● **What is required**
Your copy starts at the line containing "Hey everybody, Glenn" and ends at the last line of the material below. Reproduce those lines exactly, with no pictures.
Start of Data shown
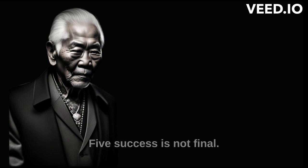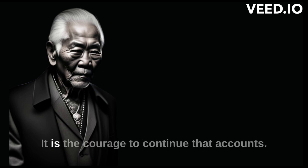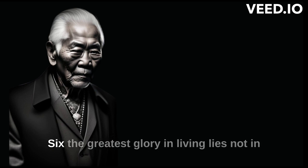Success is not final. Failure is not fatal. It is the courage to continue that counts.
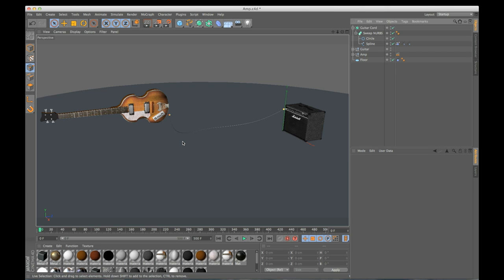Hey everybody, Glenn here again with DigitalSandwich.net. So I was doing a project recently, much like this, where I had two objects and I needed to connect them with a cable.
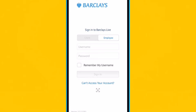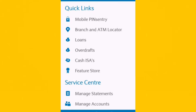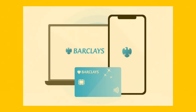Look for an option or section within the app related to your account management. This may vary based on the app's design. Once you are in the account management section, there should be an option to add another account or link a new account. Select this option and the app may prompt you to enter the necessary details for the additional account.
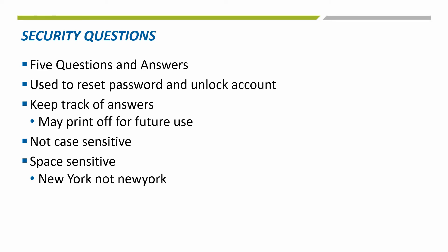We encourage you to keep track of these questions and answers so that you are able to use the self-service password reset option instead of having to contact Neridian for assistance.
End of Data shown
● **Solution to the problem**
Hey everybody, Glenn here again with DigitalSandwich.net. So I was doing a project recently, much like this, where I had two objects and I needed to connect them with a cable.
Look for an option or section within the app related to your account management. This may vary based on the app's design. Once you are in the account management section, there should be an option to add another account or link a new account. Select this option and the app may prompt you to enter the necessary details for the additional account.
We encourage you to keep track of these questions and answers so that you are able to use the self-service password reset option instead of having to contact Neridian for assistance.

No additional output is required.